*Recorded data:*

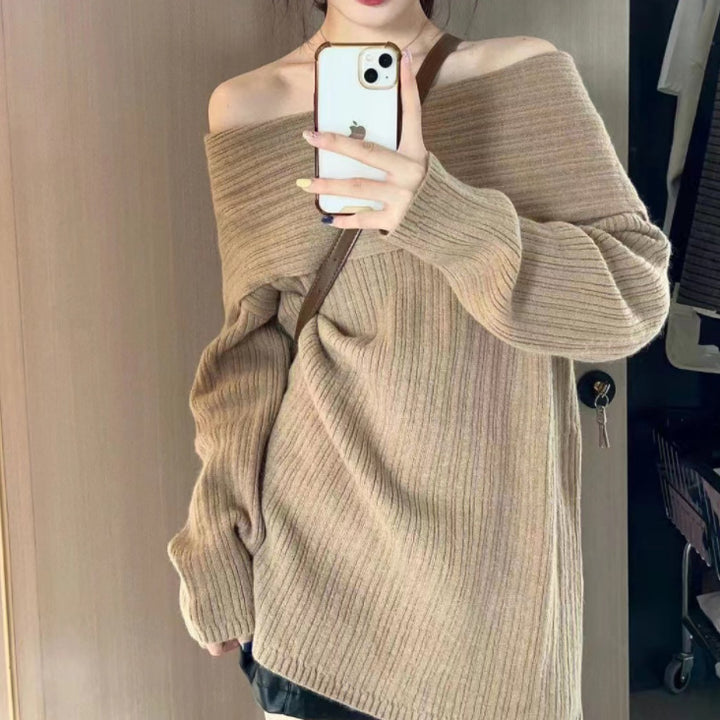 Damen Oversized Pullover mit lässigem Off-Shoulder Design und feiner Rippstruktur Drune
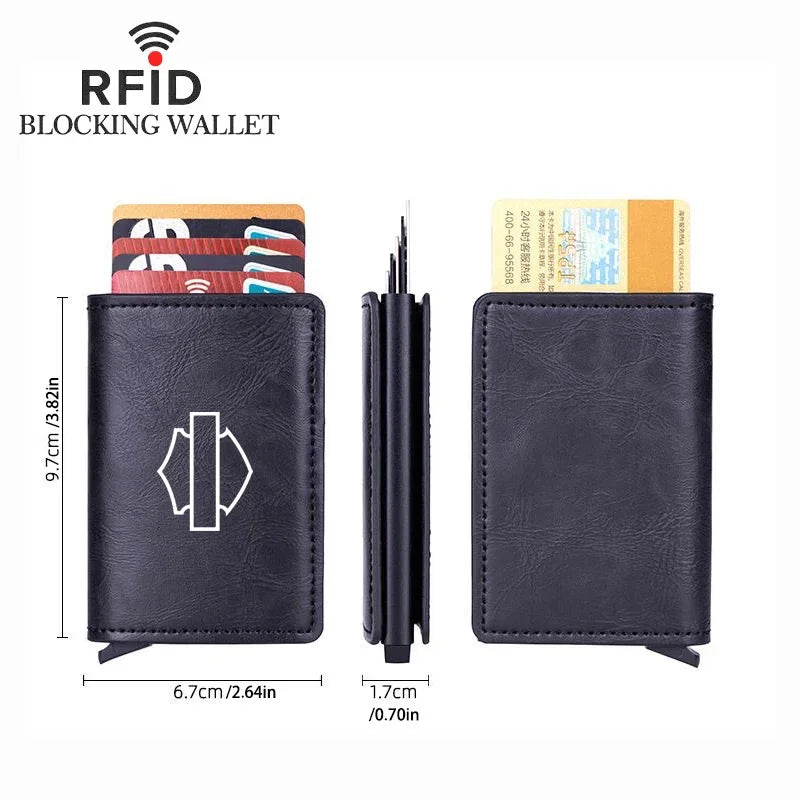 BA03 Leather/Carbon Fiber Card Holder RFID Blocking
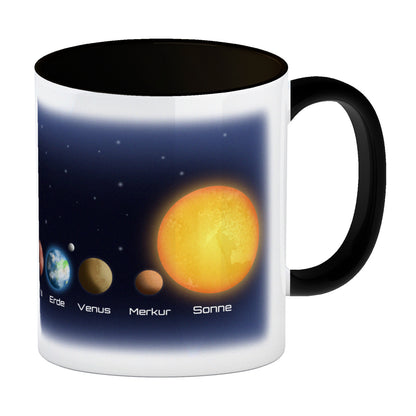 Planeten des Sonnensystems Kaffeebecher Schwarz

*What is needed:* Reproduce all of the material above word for word. Omit the pictures.

*Written reply:*
 Damen Oversized Pullover mit lässigem Off-Shoulder Design und feiner Rippstruktur Drune
 BA03 Leather/Carbon Fiber Card Holder RFID Blocking
 Planeten des Sonnensystems Kaffeebecher Schwarz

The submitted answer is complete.